**WHAT YOU WILL DO:** Transcribe every entry word for word. Skip the pictures.

Caption-style text data:
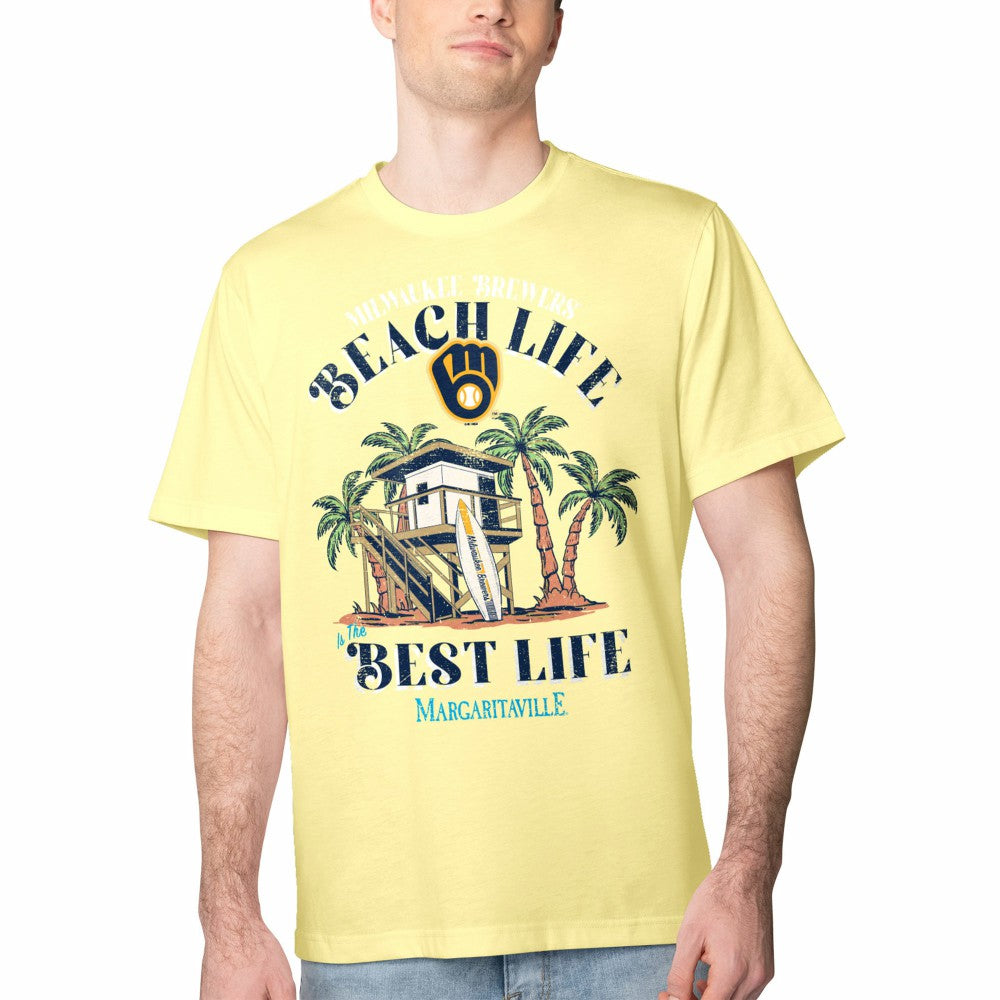 Milwaukee Brewers Margaritaville Beach Hut Graphic T-Shirt | MLB US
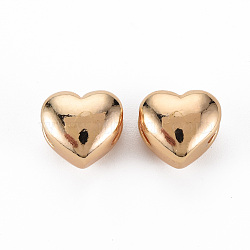 Brass Beads, Nickel Free, Heart, Real 18K Gold Plated, 10x11x8mm, Hole: 5x2mm(KK-S356-480-NF)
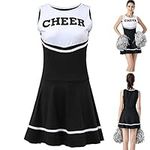 ThreeH Cheerleader Costume Fancy Dress Women's Musical Uniform Cheerleading Outfit One Size NO Pom-Pom,Black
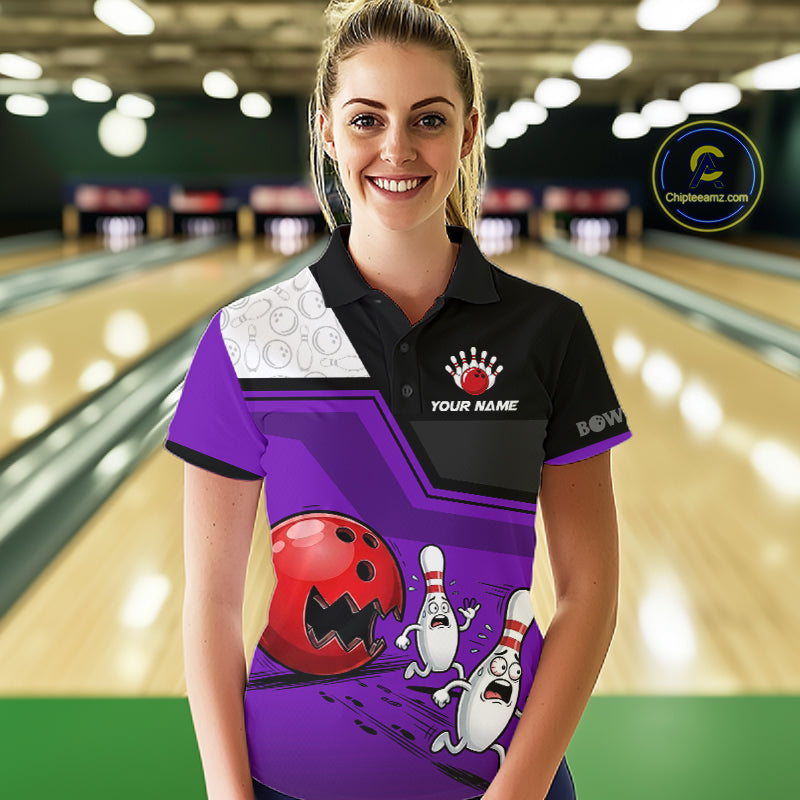 Custom Women Bowling Team Polo Shirt Purple Funny Pins Ball Design, Personalized Bowling Team Jersey NHT1562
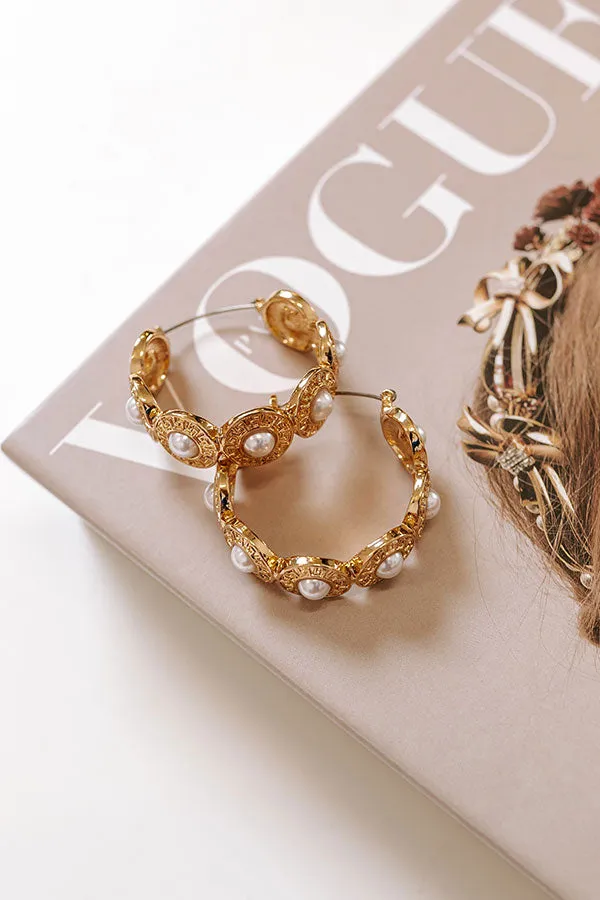 Chic Mindset Hoop Earrings in Pearl sold by Impressions product image thumbnail 2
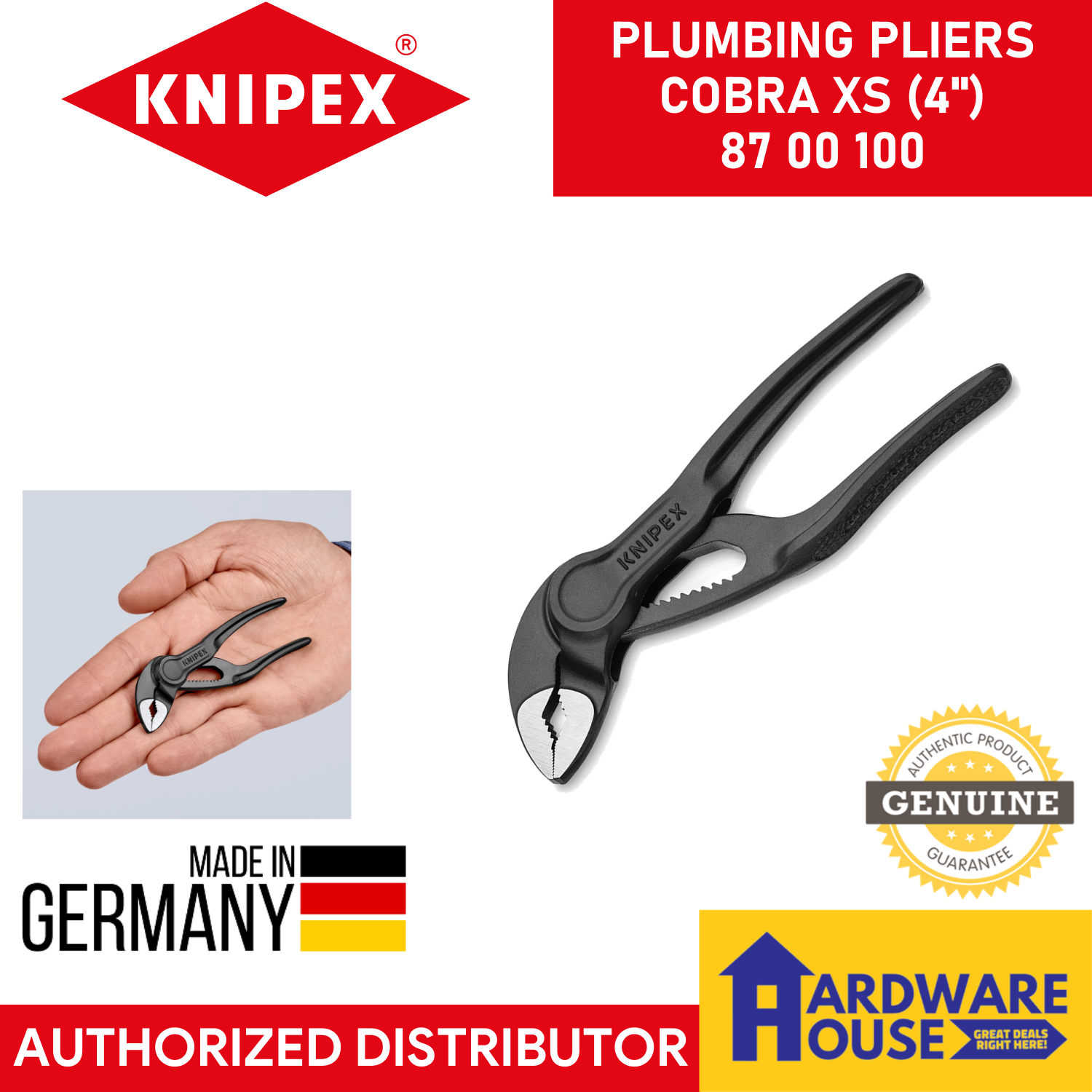 Knipex 87 00 100 Cobra XS Miniature Pliers 100mm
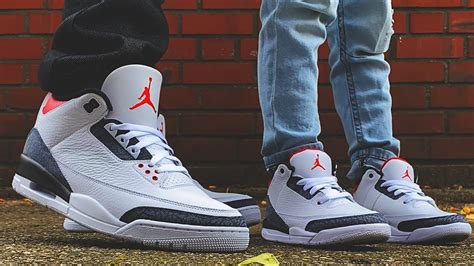 [最も共有された！ √] air jordan 3 retro denim se 'fire red' on feet 240382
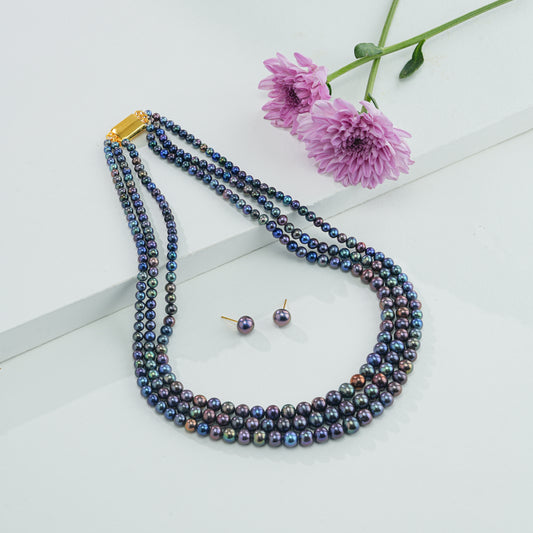 Grading Near Round Dark Blue Freshwater Pearl Necklace Set - AA Quality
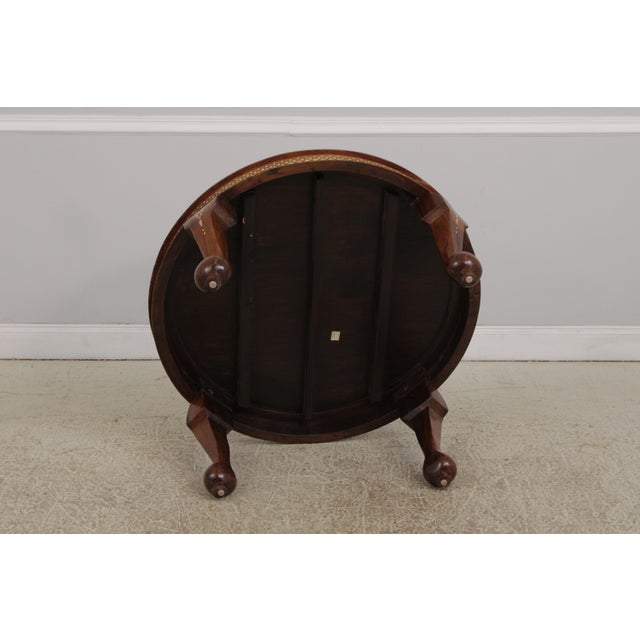 Vintage Anglo Indian Round Inlaid Coffee Table W. 4 Stools For Sale - Image 9 of 18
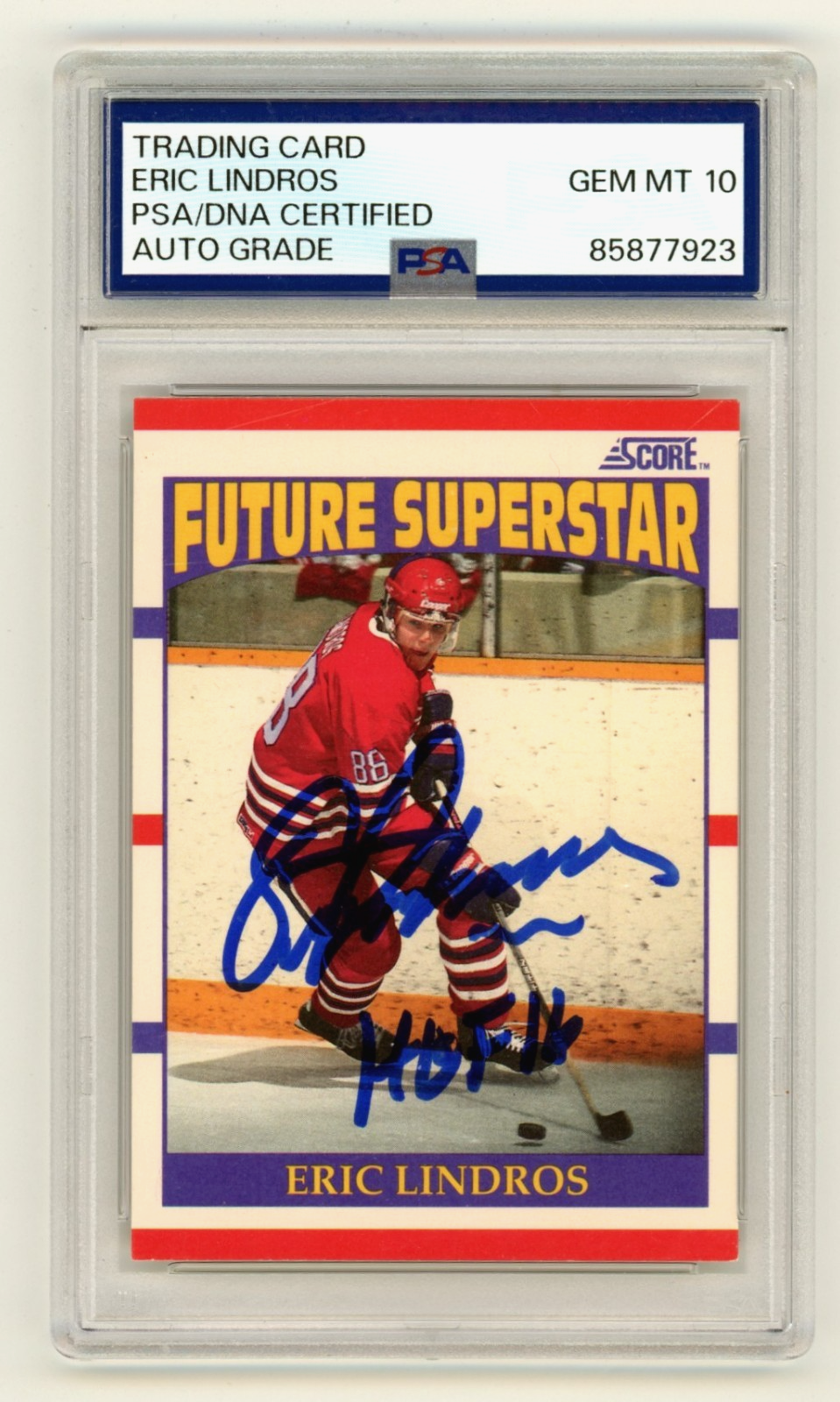 Eric Lindros 1990-91 Score #440 Signed Auto Rookie RC w/ HOF 16 PSA 10 Auto-Powers Sports Memorabilia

**WRITTEN SOLUTION:**
 Milwaukee Brewers Margaritaville Beach Hut Graphic T-Shirt | MLB US
 Brass Beads, Nickel Free, Heart, Real 18K Gold Plated, 10x11x8mm, Hole: 5x2mm(KK-S356-480-NF)
 ThreeH Cheerleader Costume Fancy Dress Women's Musical Uniform Cheerleading Outfit One Size NO Pom-Pom,Black
 Custom Women Bowling Team Polo Shirt Purple Funny Pins Ball Design, Personalized Bowling Team Jersey NHT1562
 Chic Mindset Hoop Earrings in Pearl sold by Impressions product image thumbnail 2
 Knipex 87 00 100 Cobra XS Miniature Pliers 100mm
 [最も共有された！ √] air jordan 3 retro denim se 'fire red' on feet 240382
 Grading Near Round Dark Blue Freshwater Pearl Necklace Set - AA Quality
 Vintage Anglo Indian Round Inlaid Coffee Table W. 4 Stools For Sale - Image 9 of 18
 Eric Lindros 1990-91 Score #440 Signed Auto Rookie RC w/ HOF 16 PSA 10 Auto-Powers Sports Memorabilia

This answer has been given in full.